Leuk en aantrekkelijk boekje
Het boek Mijn oma en ik is een luxe gebonden uitgave en is in een beperkte oplage gedrukt door Albani drukkers, Den Haag. Het kan worden besteld. Wie geïnteresseerd is in ons familieboek Het Westlandse geslacht Vreugdenhil – en wie is dat niet? – zou ik willen aanraden Mijn oma en ik aan te schaffen, omdat je dat boekwerkje als een aanvulling op ons familieboek kunt beschouwen. Je vindt daarin niet alleen de levensgeschiedenis van een van onze naamgenoten vermeld, maar je kunt er ook uit afleiden hoe het leven van veel meer naamgenoten in het Westland zich zou kunnen hebben ontwikkeld. Anja Romeins boek kreeg ruimschoots aandacht in de Westlandse Courant met o.m. een paginagrote foto van oma en kleindochter.
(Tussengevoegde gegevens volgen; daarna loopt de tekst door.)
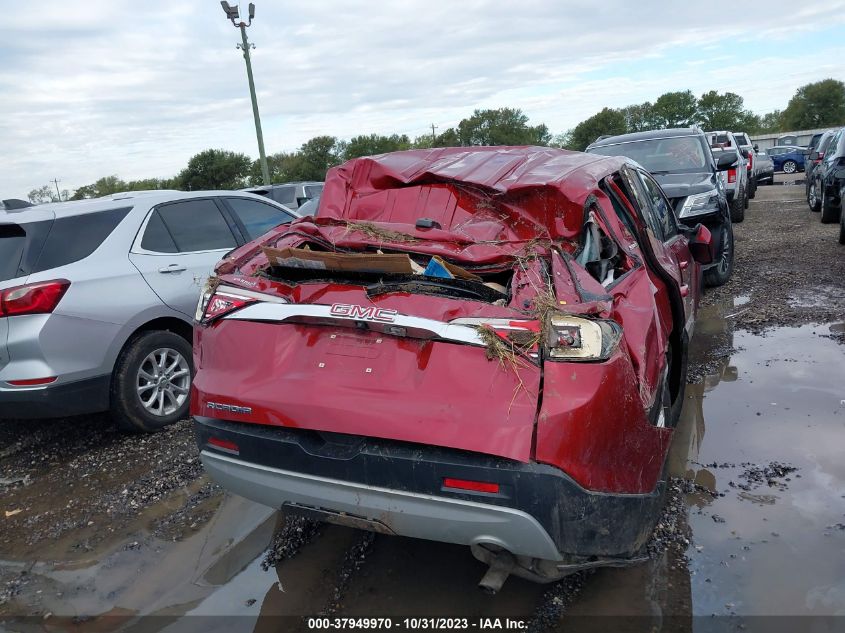 2019 GMC ACADIA SLE - 1GKKNKLA8KZ209466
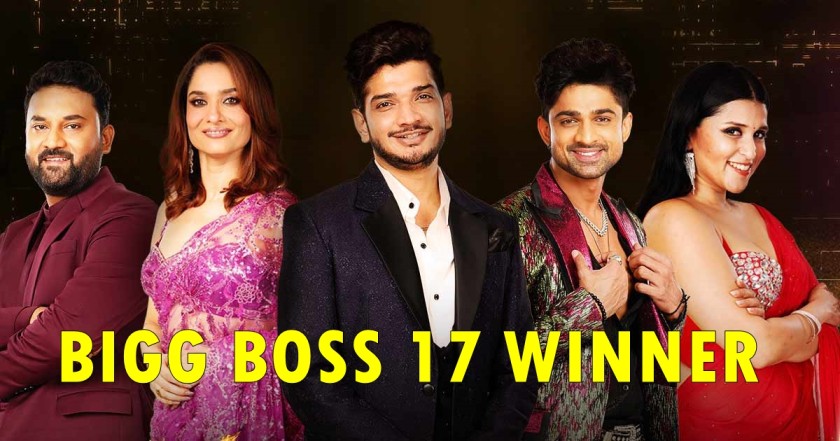 BIGG BOSS 17 WINNER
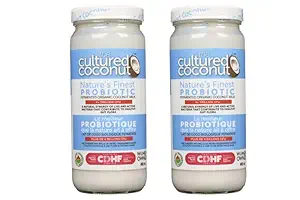 Lapte de cocos organic fermentat Probiotic (2 flacoane)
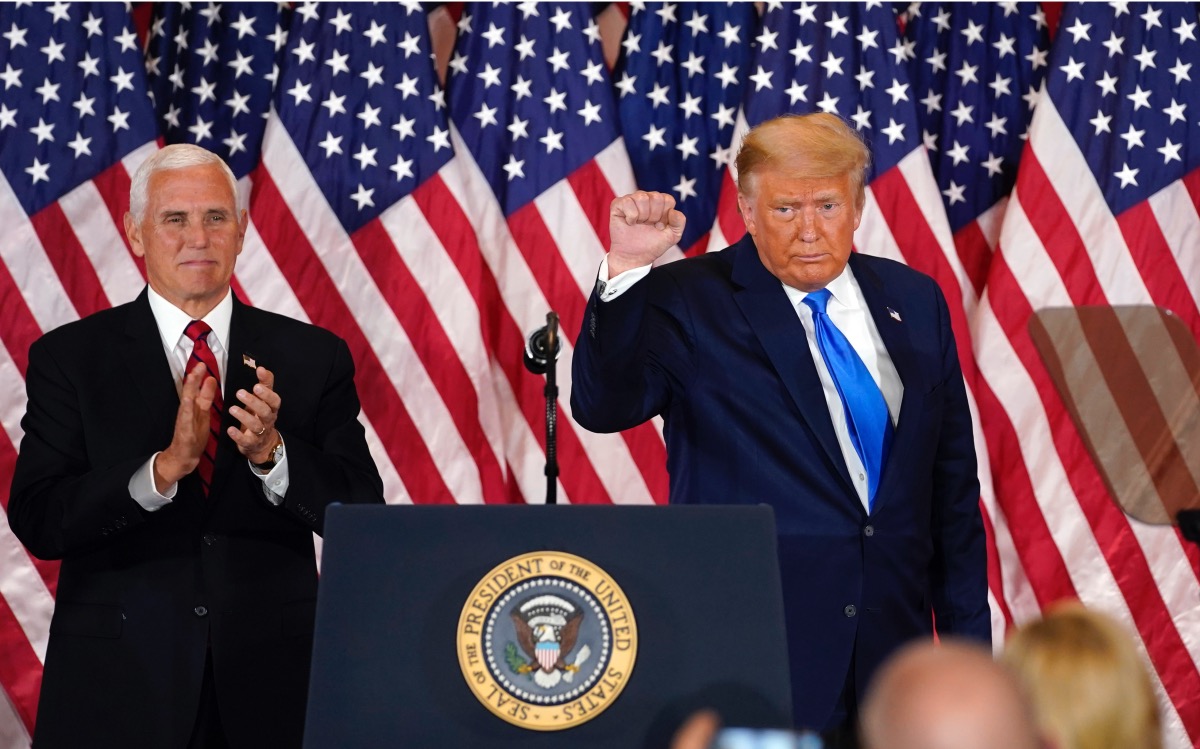 Trump Pence Nov. 4
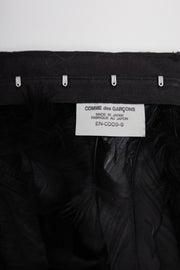 COMME DES GARCONS - FW04 Feather strap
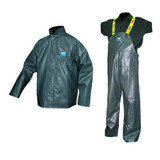 Viking Rain Bib Overall,Unrated,Green,L 4110P-L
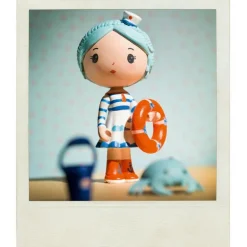 Marinette & Scouic figurine tinyly 6948<Djeco Discount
Mevrouw M. A. Vreugdenhil-Dijkshoorn ( C X y) uit De Lier las het boek inmiddels en schreef ons o.a. het volgende: ‘Ik kan mij zo voorstellen dat Anja Romein genoten heeft van al die tijd dat haar oma haar levensverhaal vertelde en zij de kans had het te verwerken en er in een leuk en aantrekkelijk boekje over kon schrijven.’